Aim of the task: For this listing, reproduce the line with "ABIN6274386 staining Hela", the line with "Visible Veins Explained!", and the lines between, exactly as they stand. Leave out pictures and all other lines.

Material provided:
******
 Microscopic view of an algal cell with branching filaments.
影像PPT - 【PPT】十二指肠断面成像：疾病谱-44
******
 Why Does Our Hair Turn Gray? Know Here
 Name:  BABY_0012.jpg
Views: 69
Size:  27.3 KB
******
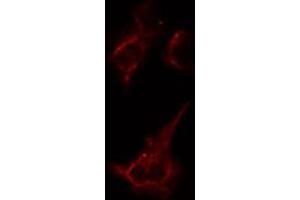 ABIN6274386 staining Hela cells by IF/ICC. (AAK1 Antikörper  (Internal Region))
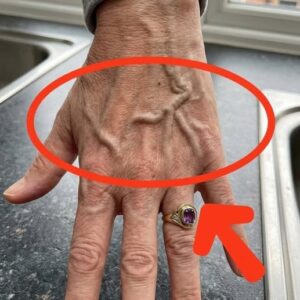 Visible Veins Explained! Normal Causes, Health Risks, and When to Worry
******
Exercise result:
 ABIN6274386 staining Hela cells by IF/ICC. (AAK1 Antikörper  (Internal Region))
 Visible Veins Explained! Normal Causes, Health Risks, and When to Worry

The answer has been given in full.